Thanks PJ.  I'm saving this one and posting it all over the place!!  Because I like horses, of course...


----------



## earlene (Jan 27, 2017)

Another post made me start seaching the net for some obscure laundry detergent recipe (don't know if it really exists or not, got distracted) and found this about 'bucking with lye'.  

It's apparently a method of bleaching laundry (once a year or more often, not really sure) that was the norm centuries ago.  Sounds sort of disgusting because besides using lye and ashes and a bucking cloth, urine or dung was also used. 

Here's the link to the article.  There are links to various old-time methods for doing household things that look pretty interesting.


----------



## mx5inpenn (Jan 27, 2017)

earlene said:


> Another post made me start seaching the net for some obscure laundry detergent recipe (don't know if it really exists or not, got distracted) and found this about 'bucking with lye'.
> 
> It's apparently a method of bleaching laundry (once a year or more often, not really sure) that was the norm centuries ago.  Sounds sort of disgusting because besides using lye and ashes and a bucking cloth, urine or dung was also used.
> 
> Here's the link to the article.  There are links to various old-time methods for doing household things that look pretty interesting.



Urine was also used for setting dyes in fabric. Those poor Scots women making tartan....


----------



## dibbles (Jan 29, 2017)

Me too.


----------



## earlene (Jan 29, 2017)

mx6inpenn said:


> Urine was also used for setting dyes in fabric. Those poor Scots women making tartan....
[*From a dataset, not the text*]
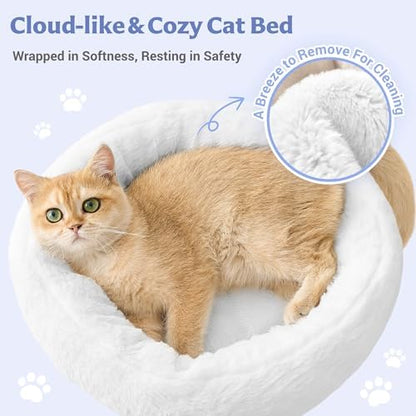 Modern Cat Tree for Indoor Small & Medium Cats, 36" Cat Tower with Scratching Posts, 2 Cozy Cat Caves, Top Perch, Dangling Balls, Washable Cushions, Space-Saving Cat Condo, Blue - Image 4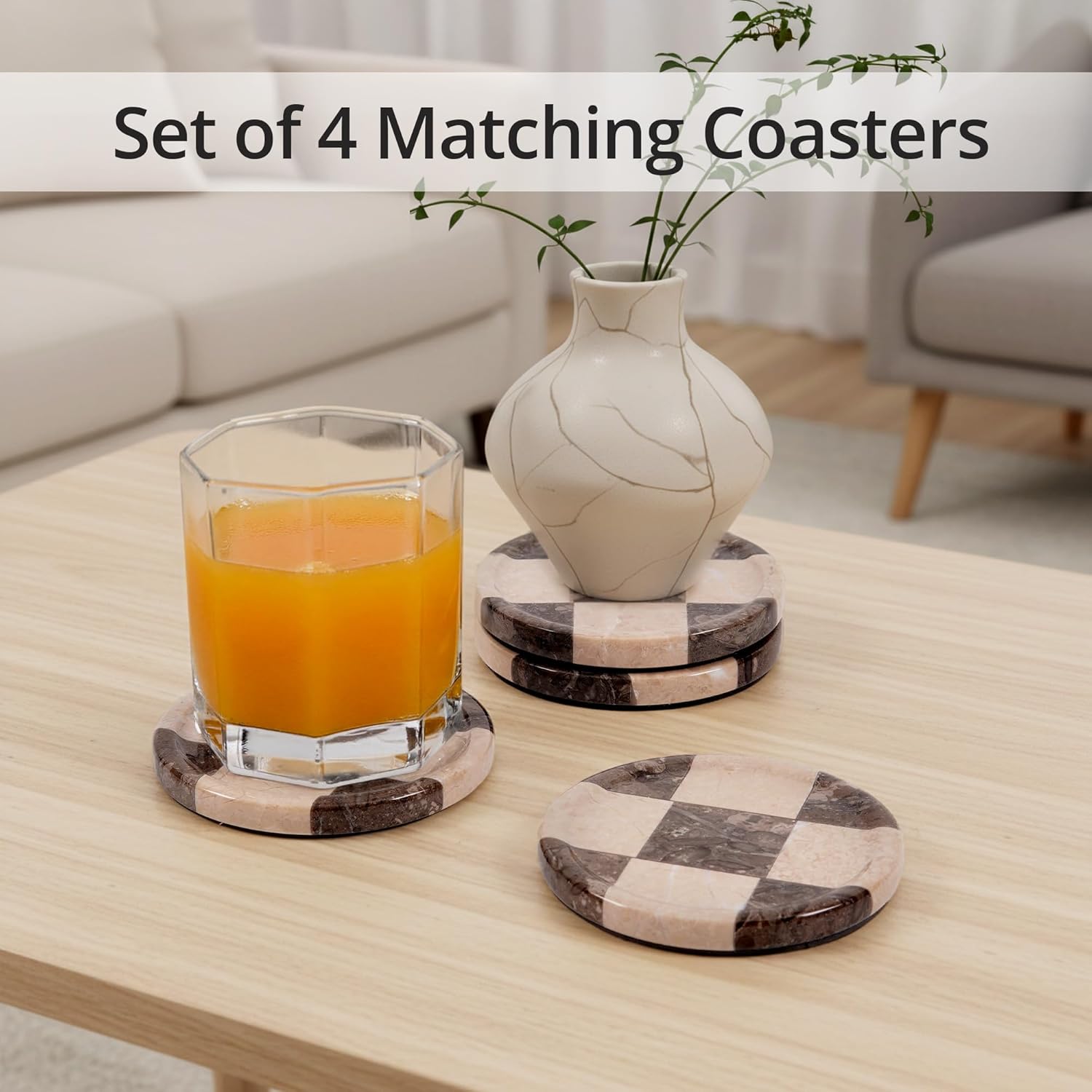 Handmade Round Stone Coaster / Oceanic & Verona / 4 Inch / Set of 4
Well I guess that sort of makes sense.  I used to use vinegar to set dyes in fabrics.  In fact I still do when dying wool roving.  Although compared to urine, I'm wondering if ammonia would do the same thing.  But the fumes from ammonia is pretty darned obnoxious.  :think:


----------



## penelopejane (Jan 29, 2017)

earlene said:


> Well I guess that sort of makes sense.  I used to use vinegar to set dyes in fabrics.  In fact I still do when dying wool roving.  Although compared to urine, I'm wondering if ammonia would do the same thing.  But the fumes from ammonia is pretty darned obnoxious.  :think:



I was taught that salt sets dye in fabric. Is that right?


----------



## Millie (Jan 29, 2017)

penelopejane said:


> I was taught that salt sets dye in fabric. Is that right?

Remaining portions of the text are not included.